Here’s a few more thoughts about the need for characters to show consistency in mood and behavior over time. These developed from the comments section on my last post. First, it appears that characters in fiction actually need to show greater consistency than in real life. A real human can go from depression to laughter and we have to deal with it, but when a fictional character does this it “feels” unreal. It’s like with dialogue, where showing actual dialogue on the page reads awkwardly and what you have to do instead is create the illusion of reality.

Another thing is that it’s virtually impossible for an author to remain completely consistent in mood and tone across any work that is written in segments, as all novels must be. The cure for that is in the rewriting/revision process, when you can consider the work in much larger segments and polish any of the rough welds where the material was put together.



Heff said...

I have nothing to say, just wanted to be the first commenter.

Bernita said...

If Billy's poetry is anything to go by, no wonder you enjoyed the book.
I like that "rough welds" comparison. That's it, exactly.

writtenwyrdd said...

Sounds similar in plot twists to something by Tom Robbins.

Revision is, to me, rather like a friend's process after she casts her bronzes: clean off the excess casting material, buff off the sprues, excess and burrs, fill in the divots and then polish, polish, polish! Which goes rather well with your rough welds analogy.

Miladysa said...

lol @ heff

Billy's book is on my list of 'must read' and I after your review I am pleased that it is :-D

WH said...

Charles, wow, thanks! I haven't visited any blog for a couple of weeks--my life is all frenzy and work, no play--but I saw your review at Amazon and wanted to say "Thanks!" Much appreciated, and thank you as wll for this post.

And to Written, yes, Tom Robbins has had a very big influence on my prose style. You nailed it -:)

laughingwolf said...

book should be good...

the advice is sound too, especially on dialog, one of the tougher things to master, or just become adequate in :)

Steve Malley said...

I'm rather prone to variant name spellings, schizo weather and weeks with two Wednesdays in, but I do hope I avoid the 'bipolar super mood swing' trap.


cs harris said...

I think the worst problem I had with this was when Katrina hit halfway through my writing of THE ARCHANGEL PROJECT. I massively rewrote it, and I think it works because of the story progression, but the second half is still much lighter than the beginning.

Charles Gramlich said...

Heff, and so you were.

Bernita, yes, his book has some very nice phrasing in it. Very much magical realism.

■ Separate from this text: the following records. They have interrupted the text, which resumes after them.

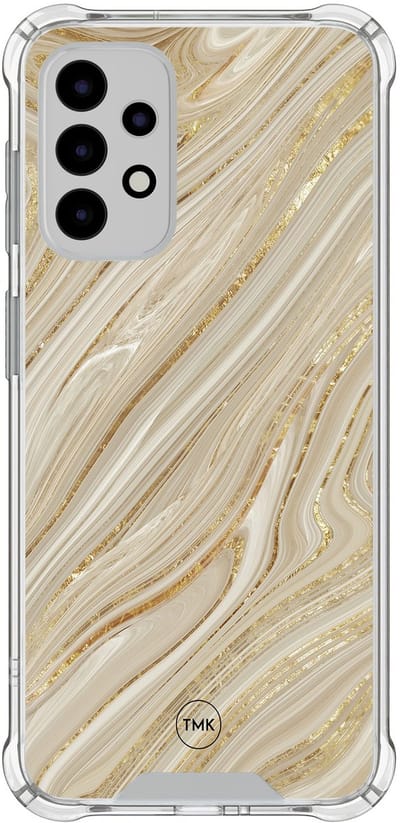 Shockproof hoesje geschikt voor Samsung Galaxy A52 5G - Golden marble - Schokbestendig - Verhoogde randen - TPU case - Extra Sterke Back Cover - Marmer - Transparant, Goud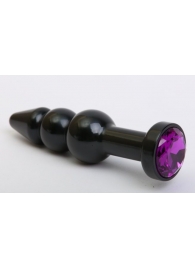 Чёрная анальная ёлочка с фиолетовым кристаллом - 11,2 см. - 4sexdreaM - купить с доставкой в Тюмени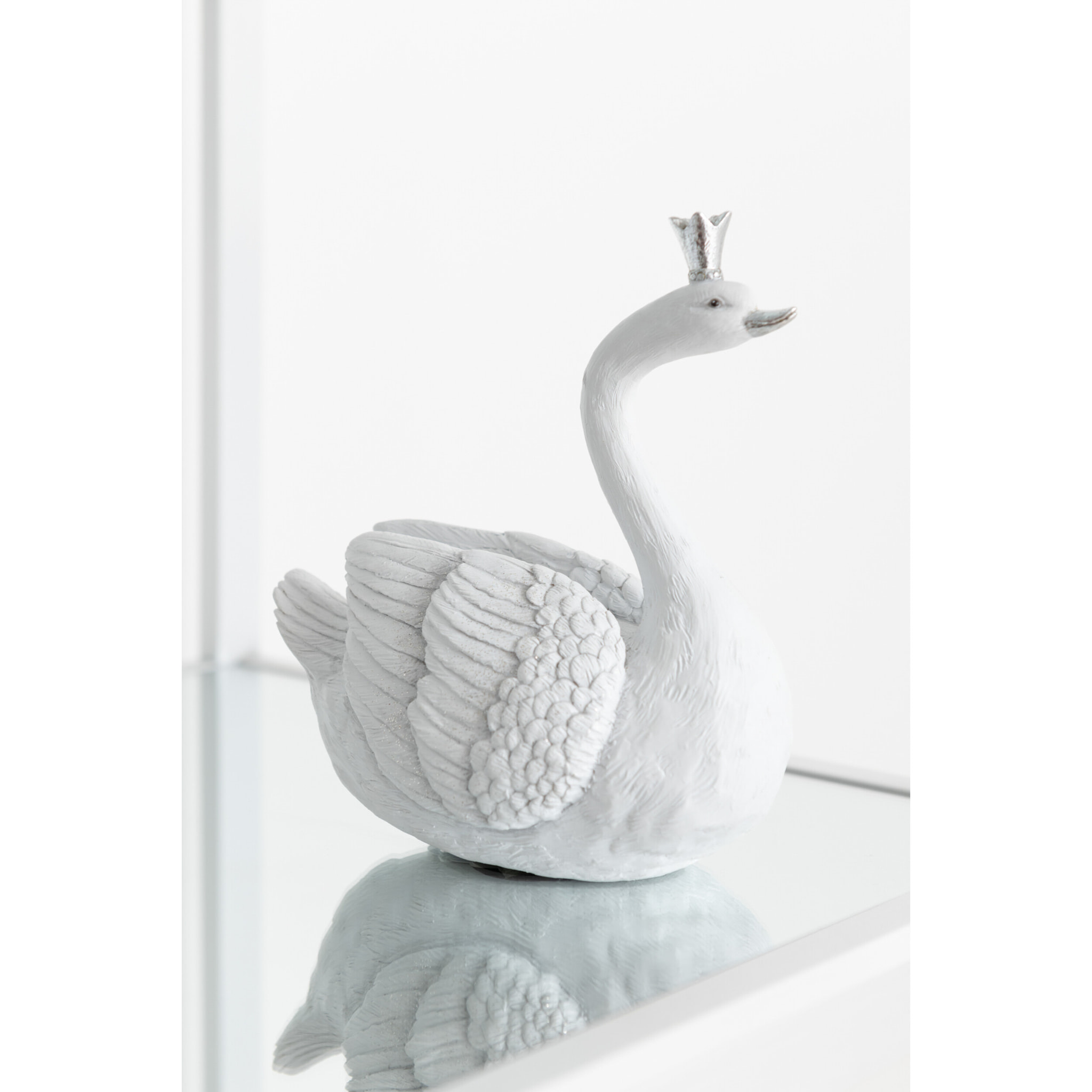 J-Line décoration Tirelire Cygne - polyréqine - blanc/argent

Writtenwyrd, that's a very good analogy. I tend to think of it much the same way, and it's why I actually enjoy revision.

Miladysa, I think you are a Beatles fan if I'm remembering right so you'll probably get some of the inside points I missed.

Billy, glad you are OK. I was wondering what had happened to you. I did the Amazon review just after finishing the book while everything was fresh. Well done. A fun read, for sure. I should have gotten the Tom Robbins connection since I really like his stuff. But it's been a couple of years since I've read anything by him. "Jitterbug Perfume" is a masterpiece.

Laughingwolf, I was so bad with dialouge when I started that some of my earliest stories didn't have any at all.

Steve Malley, as long as you don't have two Mondays. I didn't notice any glitches like that in Poison Door. I just couldn't figure out what the hell all those weird car models were. I kept looking for a Ford or Chevy somewhere. lol.

Candy, I didn't have any fiction manuscript going at that time but I can imagine that would have been a really weird thing. I did write Witch of Talera in 2 sections, broken by a period of about 6 months.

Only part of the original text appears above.